Robert Downey Jr., aliás, é a grande revelação do filme. Aqui ele não apenas exibe novamente seu imenso carisma como também tem, pela primeira vez na série, a chance de nos lembrar de seus grandes dotes dramáticos. O ator emociona ao deixar claro o sofrimento que seu personagem experimenta ao ver os Vingadores brigando uns com os outros. Mas o filme tem outros destaques também.

Acho que não é spoiler dizer que dois novos super-heróis aparecem no filme, já que os trailers revelavam isso: Homem-Aranha e Pantera Negra. Mas não se preocupem, não direi como eles surgem. Basta dizer que ambos são apresentados de forma bastante orgânica e se encaixam muito bem na história. Tom Holland como o Homem-Aranha é ótimo ao demonstrar o deslumbramento que um garoto de 17 anos com certeza sentiria ao estar no meio daquele grupo de seres fantásticos. Já Chadwick Boseman traz imponência ao Pantera Negra e suas habilidades são essenciais numa espetacular sequência de ação que se inicia no topo de um prédio e segue pelos túneis de um viaduto.

Por falar em ação, a dupla de diretores Anthony e Joe Russo, responsáveis por Capitão América: Soldado Invernal (2014), provam aqui mais uma vez seu talento e voltam a criar sequências criativas, ágeis e muito bem filmadas, sempre nos permitindo acompanhar o que está acontecendo em cena. Eles também encontram um bom equilíbrio entre a ação e o humor durante a maior parte da projeção, cometendo seu único deslize neste sentido justamente com a apresentação do Homem-Aranha durante a épica batalha no aeroporto, já que o excesso de piadinhas do personagem fica perigosamente no limite do caricato. Por outro lado, o Homem-Formiga, outro personagem bastante calcado no humor, é muito melhor utilizado nessa mesma sequência.

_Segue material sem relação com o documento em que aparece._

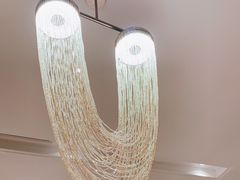 -香港百合居(LCM置汇旭辉广场店)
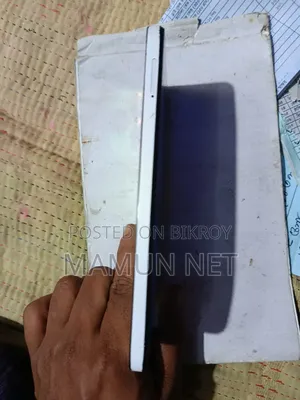 Tecno Spark 10 Pro 128 GB White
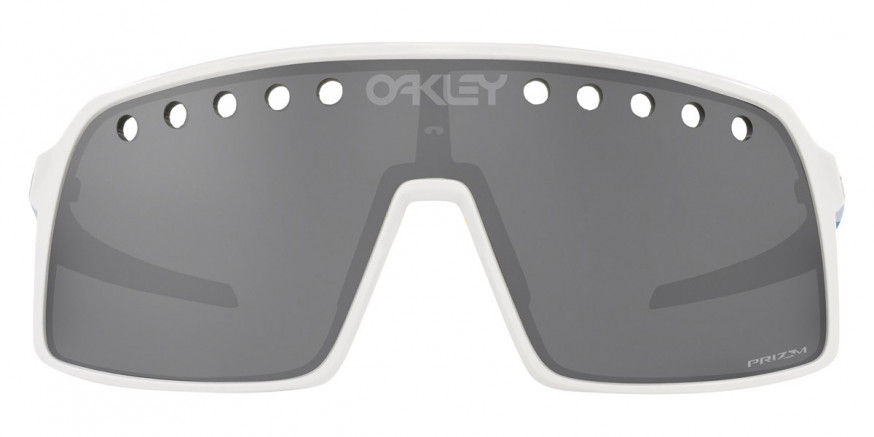 Oakley™ Sutro OO9406 940662 137 - Polished White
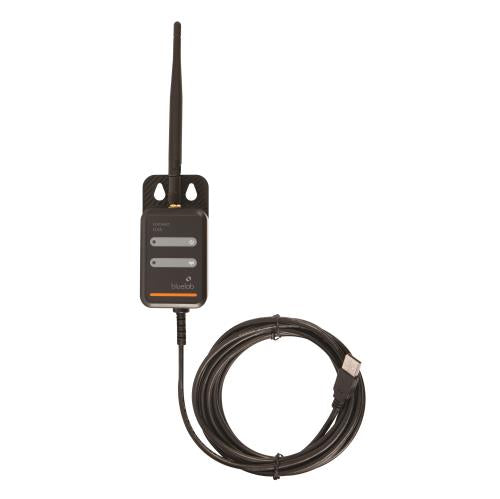 Bluelab Connect Stick 2
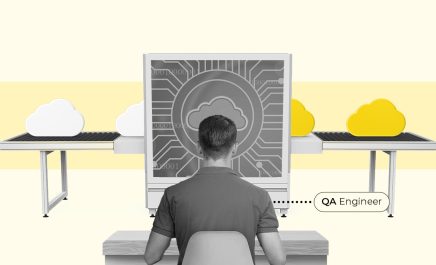 The Essential Role of Hiring a QA Engineer in Delivering Reliable SaaS Products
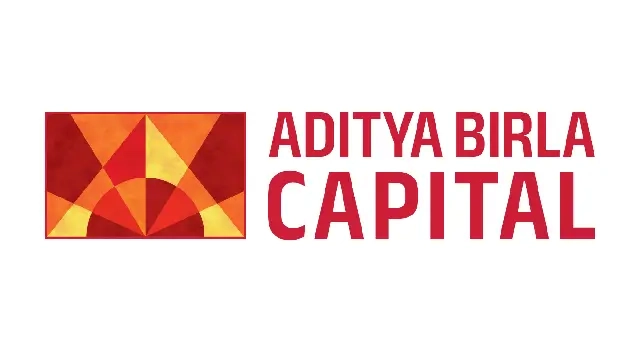 aditya_birla_capital_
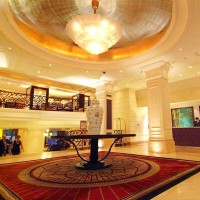 ���� - ����������� �� RCC-TRAVEL.RU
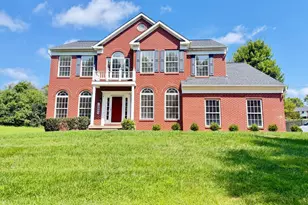 10805 Avonlea Ridge Pl, Damascus, MD 20872 - Photo 1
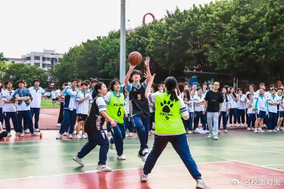 埃斯特旺绝杀凯塞多世界波 切尔西2-1利物浦
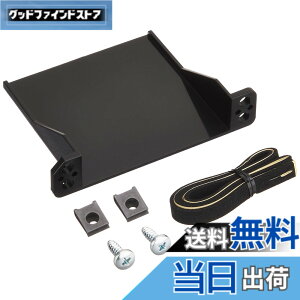 �y���������zPioneer ETC��t�L�b�g AD-Y101ETC �g���^��/�_�C�n�c��/�X�o���ԗp �J���b�c�F���A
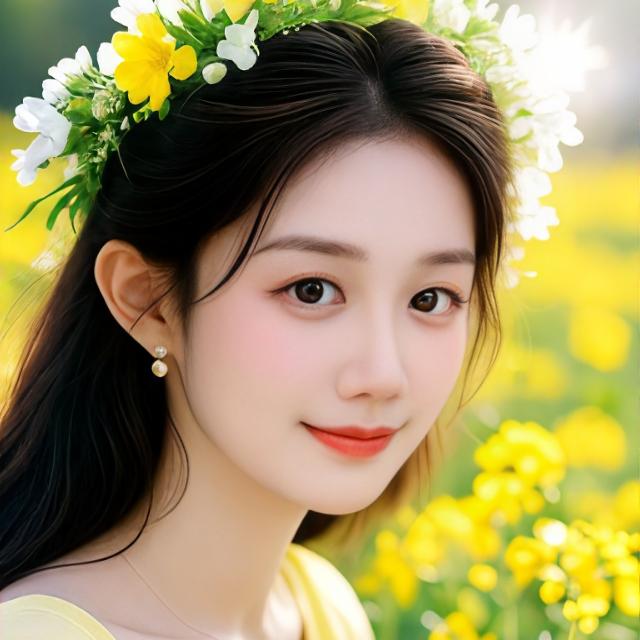小陈♡ᵕ̈ᦔ᥊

Por fim, vale ressaltar a satisfação de vermos três personagens femininas assumirem o controle das cenas de ação e mostrarem que não precisam de um homem para salvá-las. Pelo contrário, são elas que acabam muitas vezes salvando ou pelo menos ajudando imensamente os homens. Viúva Negra (Scarlett Johansson), Feiticeira Escarlate (Elizabeth Olsen) e até mesmo a ex-agente da SHIELD Sharon Carter (Emily VanCamp) provam que as meninas podem e devem sonhar elas próprias em serem super-heróinas. Inclusive, parte da Feiticeira Escarlate um dos mais momentos mais singelos do filme: quando questionada sobre o que deve fazer para não causar medo nas pessoas, ela responde com convicção que não pode fazer nada sobre o medo dos outros, ela pode apenas controlar o seu próprio medo. Um belo exemplo de independência e empoderamento femininos, já que até hoje as mulheres ainda sofrem represálias quando demonstram ser “fortes demais”.

Capitão América: Guerra Civil possui sua parcela de falhas, como um ritmo irregular ao longo das suas duas horas e meia de projeção e alguns furos em relação aos planos do vilão do filme (nunca fica claro como ele conseguiu tantas informações). E ainda que eu prefira o clima conspiratório e o roteiro mais enxuto de Capitão América: Soldado Invernal, não há como negar que este terceiro capítulo desenvolve muito bem o personagem, trazendo novas camadas de complexidade para a sua jornada.

Além disso, é admirável e até mesmo impressionante constatar como os esforços da Marvel para criar o seu universo cinematográfico produziram resultados sólidos. Desde Homem-de-Ferro (2008), todos os filmes do estúdio compartilham detalhes e situações entre si que ajudam na nossa identificação com os personagens e que trazem uma bagagem emocional que confere peso à história que estamos vendo na tela. A Marvel pode até pecar por nunca encerrar adequadamente os seus filmes, sempre terminando em verdadeiros cliffhangers, mas a verdade é que saímos do cinema satisfeitos e loucos para conferir o próximo capítulo deste universo paralelo.